**EXERCISE DATA:**
==*==

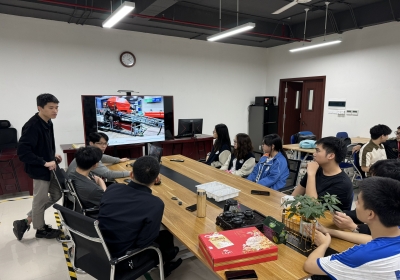 Hệ Toán - Tin tham gia seminar tại C-Tech Lab, Đại học Bách khoa Hà Nội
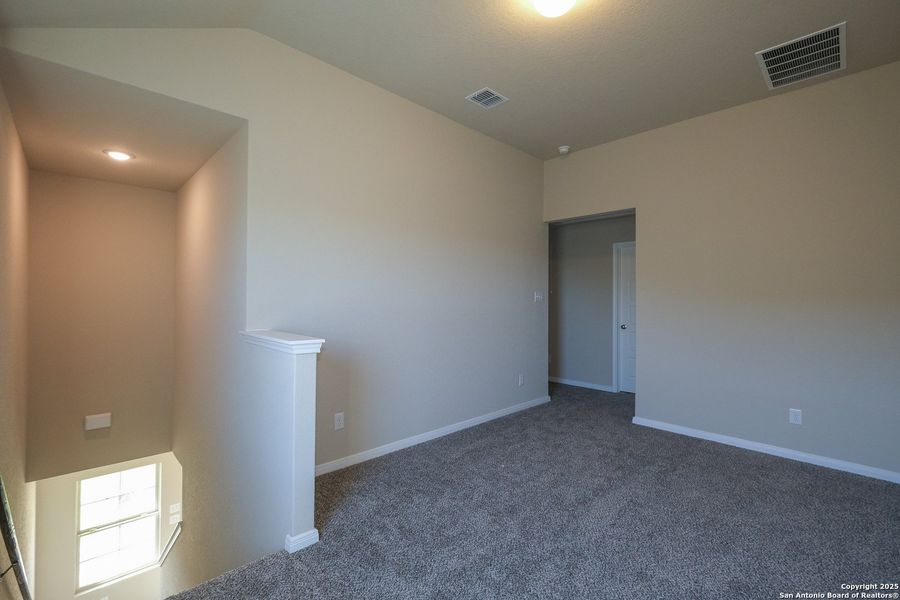 Spacious, unfurnished interior of a new home in Winding Brook, San Antonio (Image 25).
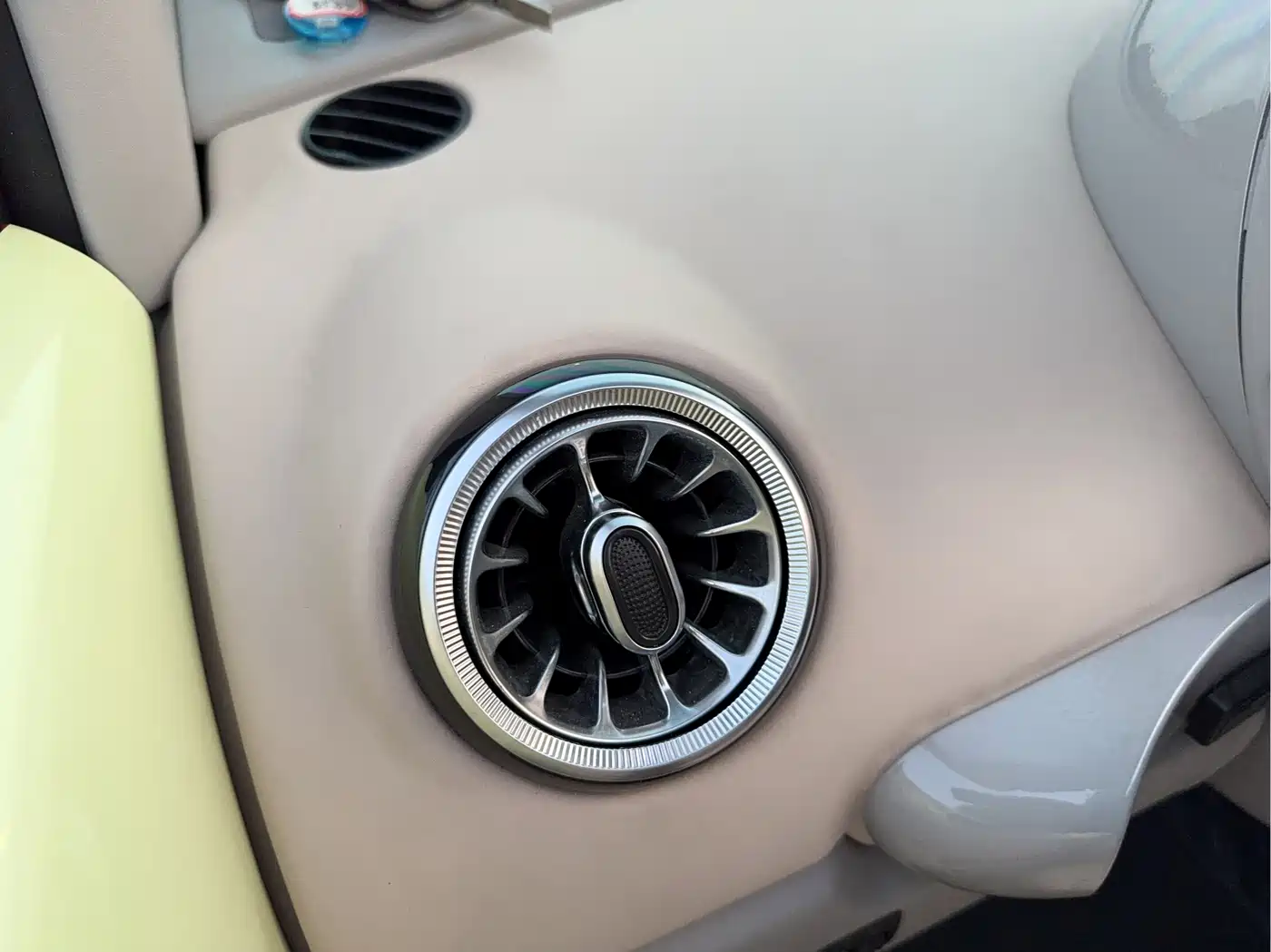 Volkswagen Beetle 2010 Model 2.0 BlackOrange Convertible Luxury Edition фото 18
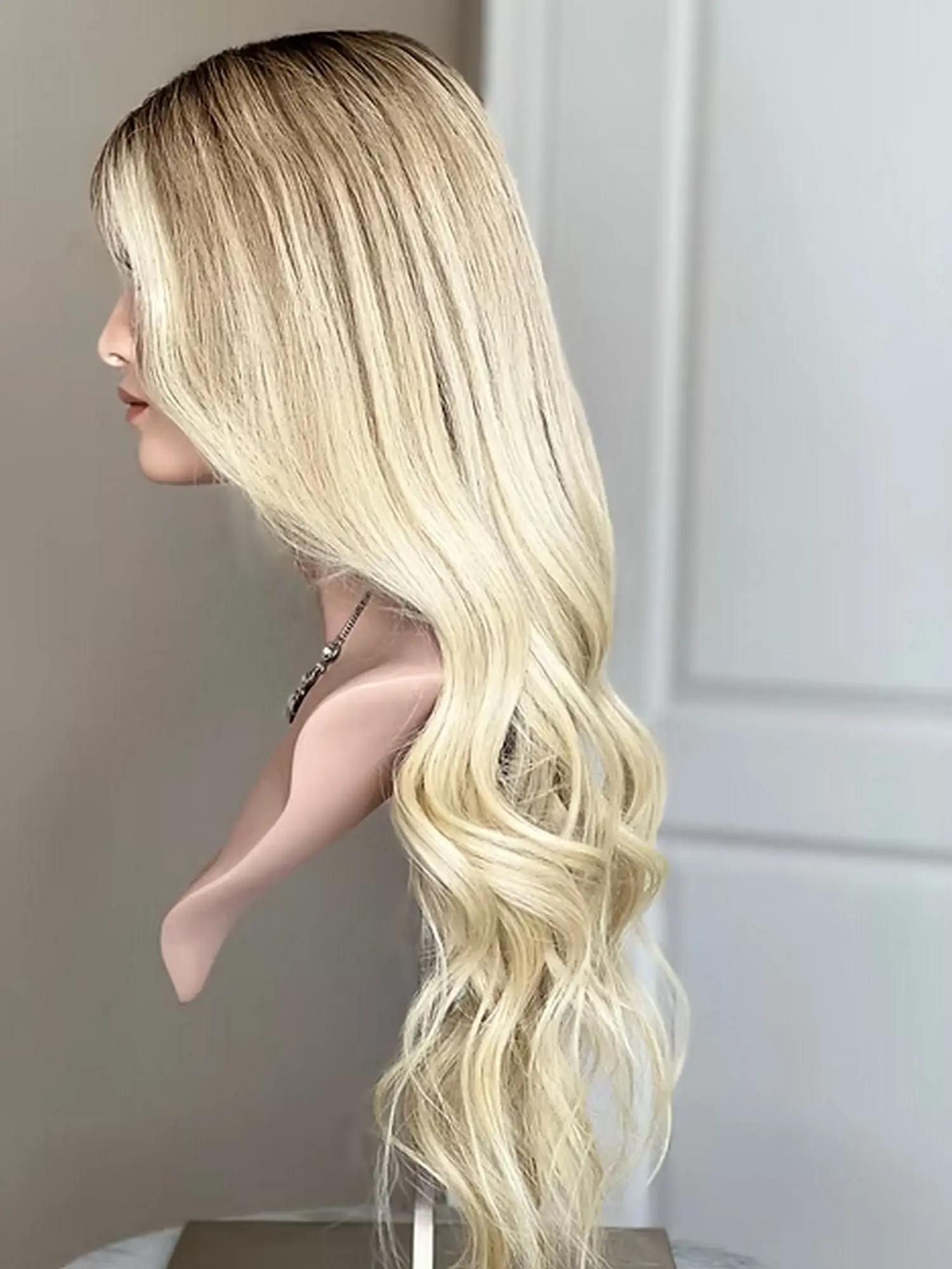 วิกผมสังเคราะห์แบบลูกไม้ด้านหน้า ยาว 28 นิ้ว สีบลอนด์ครีม ไล่เฉดสี  ลอนคลาย  สำหรับใช้ในชีวิตประจำวัน งานปาร์ตี้ คอสเพลย์  ลดราคา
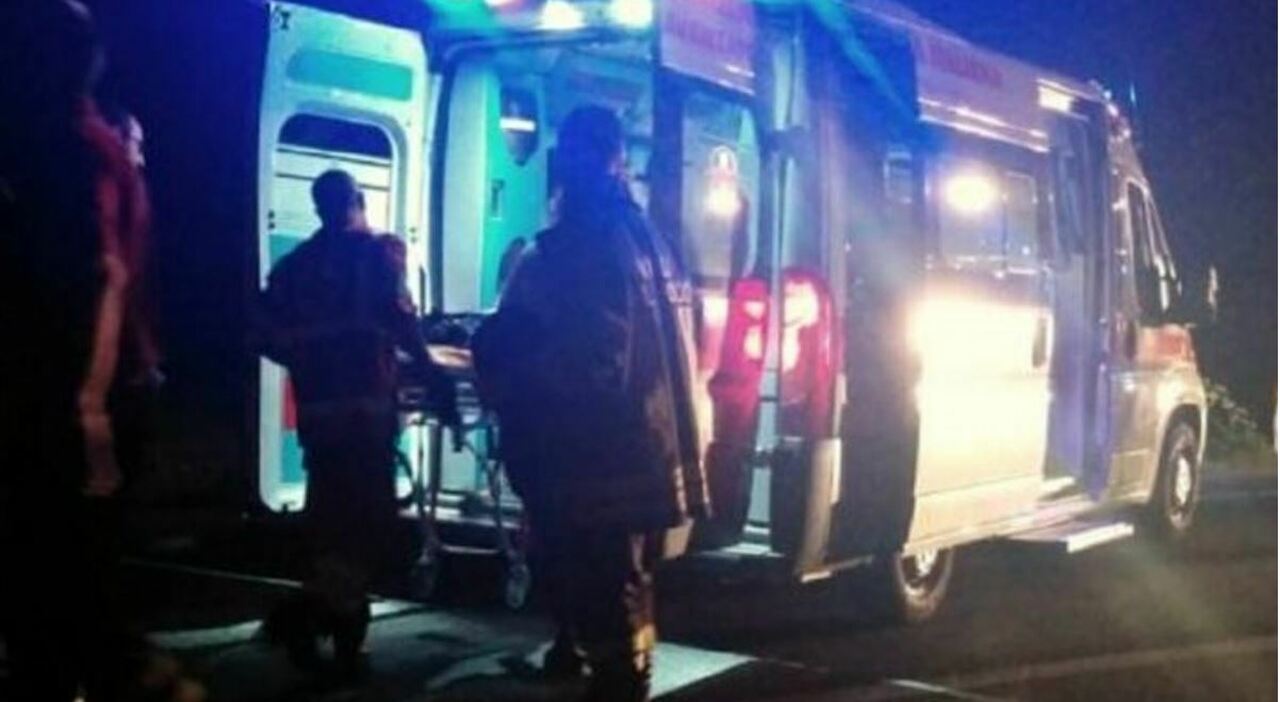 Non risponde alla mamma, 25enne trovato morto in casa. Choc a Casinina Non risponde alla mamma, 25enne trovato morto in casa. Choc a Casinina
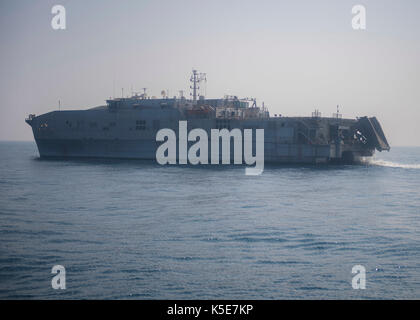 I militari Sealift giunto di comando ad alta velocità a nave USNS Guerre indiane County (JHSV 2) Foto Stock
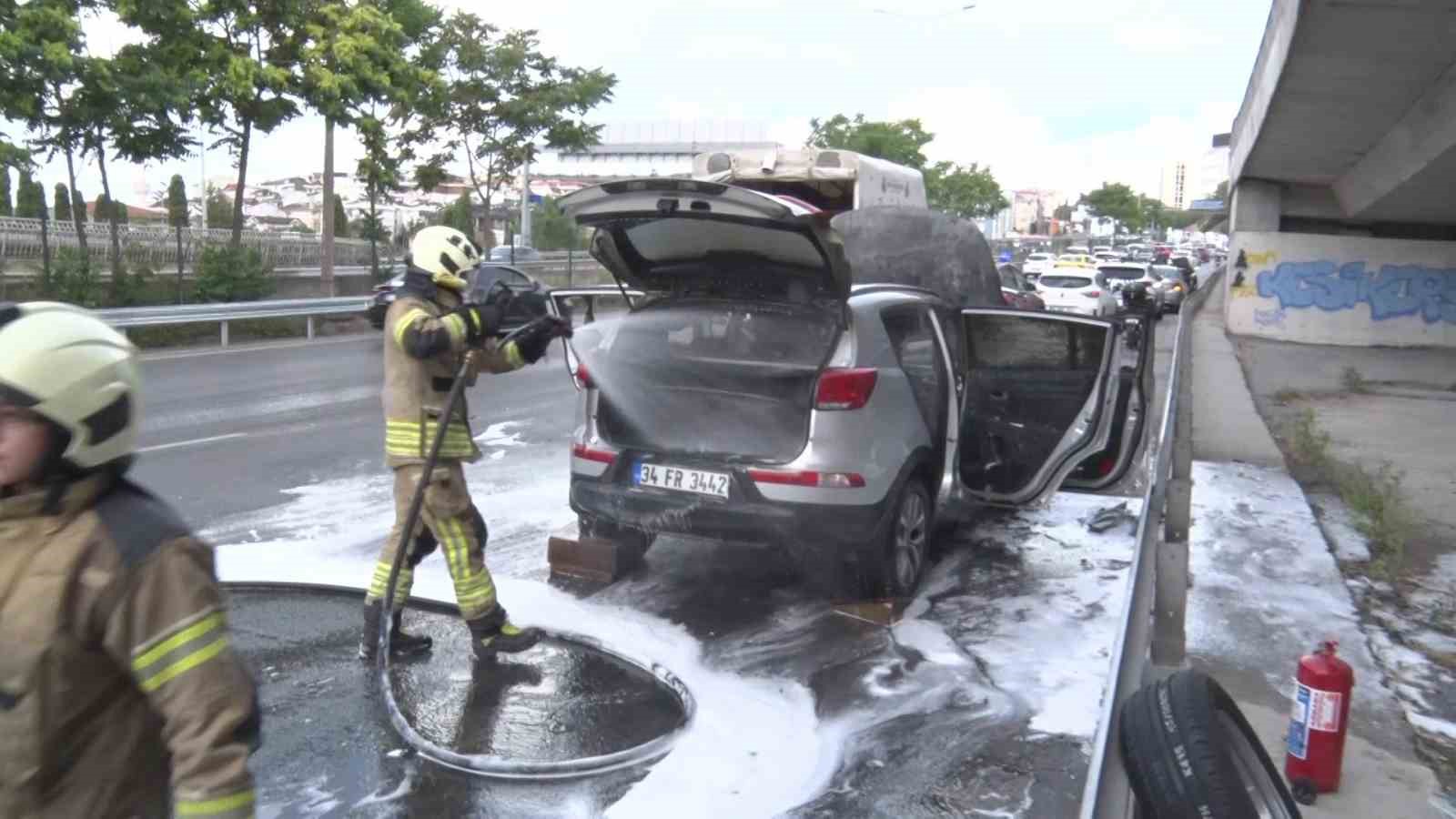 Üsküdar’da alev alev yanan SUV kullanılamaz hale geldi 5 uskudarda alev alev yanan suv kullanilamaz hale geldi 1 IiftyiZ6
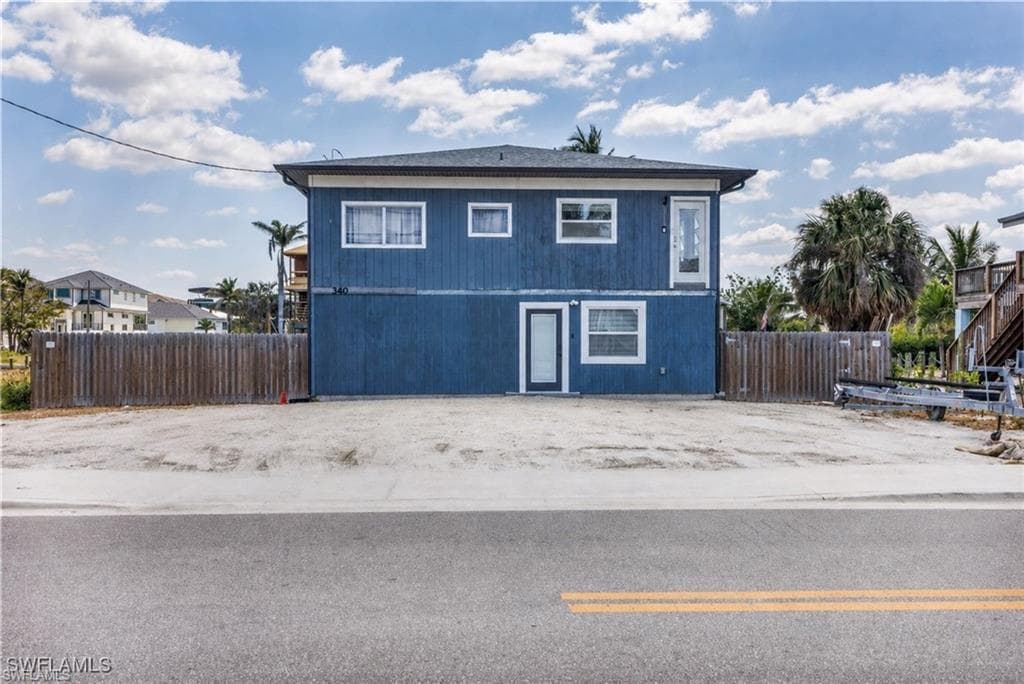 340 Crescent St, Fort Myers Beach, photo 3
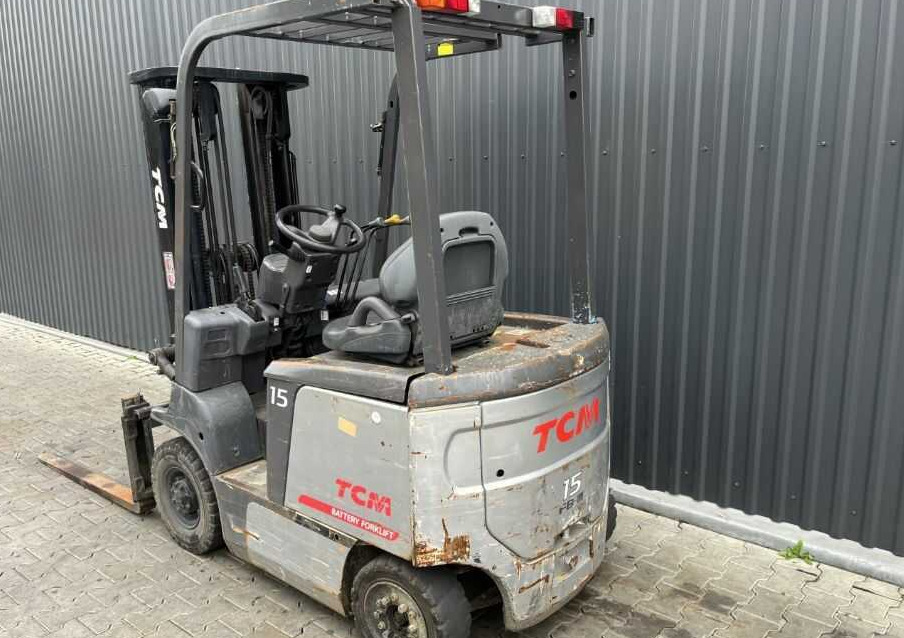 TCM FB15-7 - Xe nâng điện: hình 3 TCM FB15-7 - Xe nâng điện: hình 3
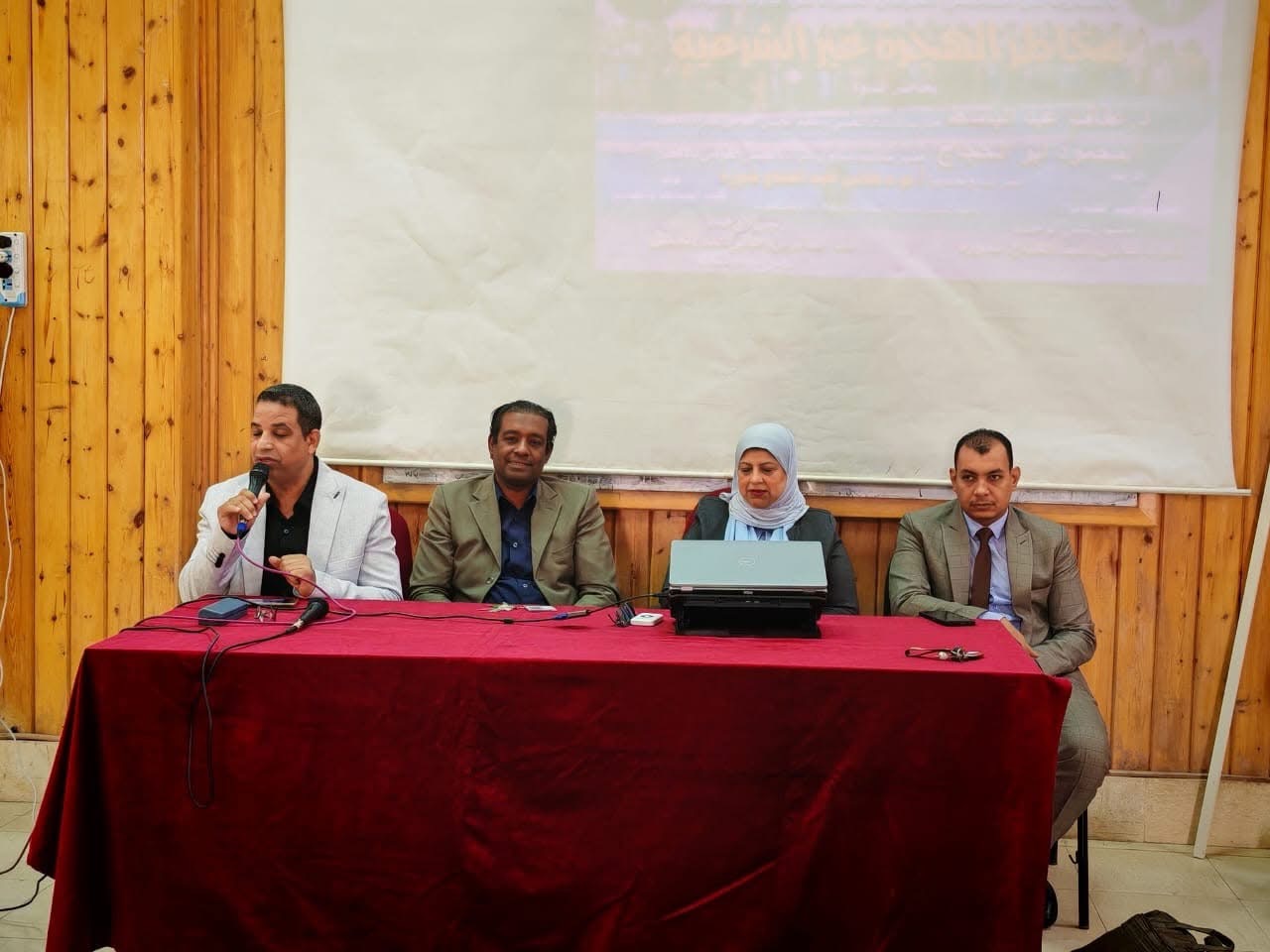 IMG 7976 السويس ندوة توعوية بجامعة قناة السويس لتحذير الطلاب من مخاطر الهجرة غير الشرعية موقع في الجامعة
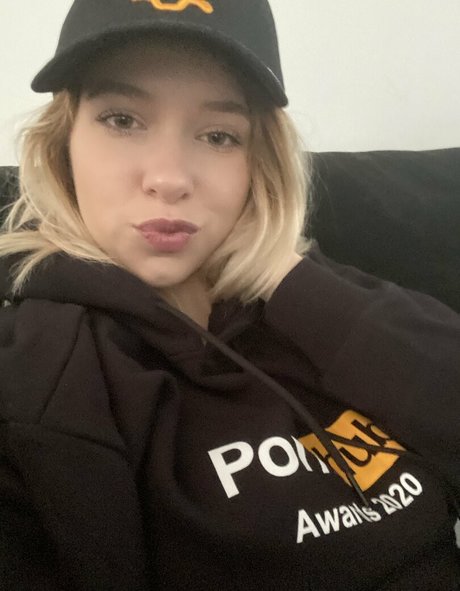 Samanthaflairofficial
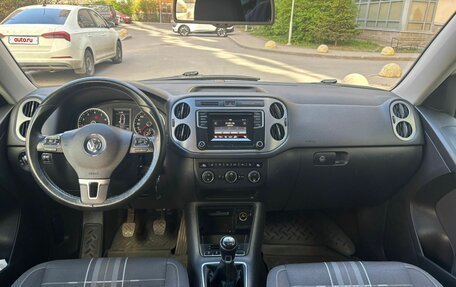 Volkswagen Tiguan I, 2015 год, 999 000 рублей, 10 фотография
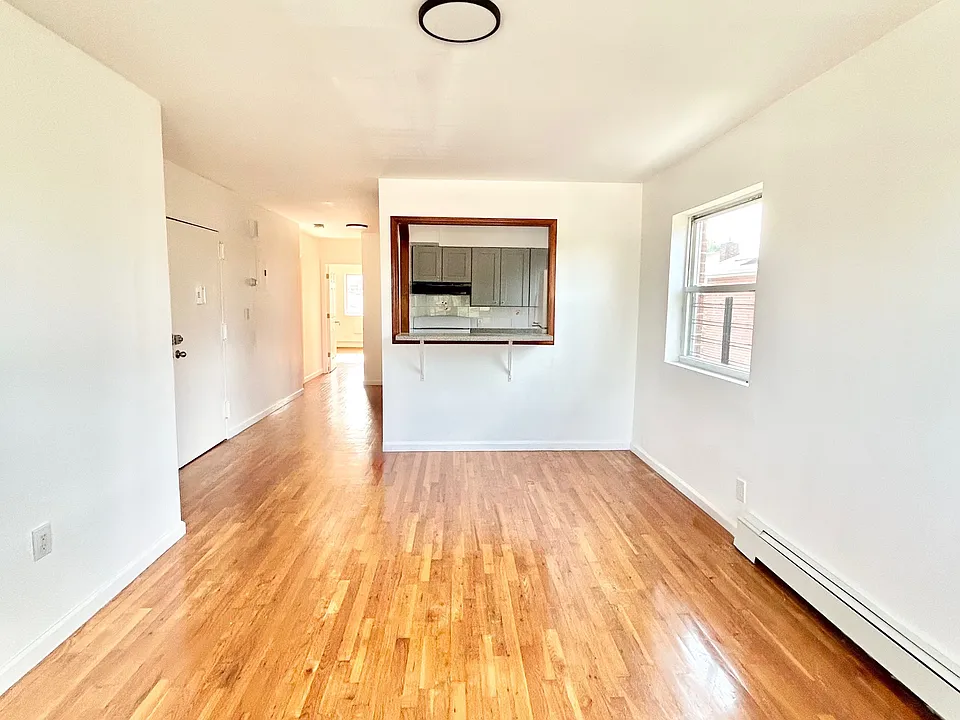 2753 Tenbroeck Ave #3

==*==

**DIRECTIONS:**
Counting both ends, reproduce word for word the lines from the line with "Üsküdar’da alev alev" to the final line of the listing above, skipping every picture.

**WRITTEN REPLY:**
 Üsküdar’da alev alev yanan SUV kullanılamaz hale geldi 5 uskudarda alev alev yanan suv kullanilamaz hale geldi 1 IiftyiZ6
 340 Crescent St, Fort Myers Beach, photo 3
 TCM FB15-7 - Xe nâng điện: hình 3 TCM FB15-7 - Xe nâng điện: hình 3
 IMG 7976 السويس ندوة توعوية بجامعة قناة السويس لتحذير الطلاب من مخاطر الهجرة غير الشرعية موقع في الجامعة
 Samanthaflairofficial
 Volkswagen Tiguan I, 2015 год, 999 000 рублей, 10 фотография
 2753 Tenbroeck Ave #3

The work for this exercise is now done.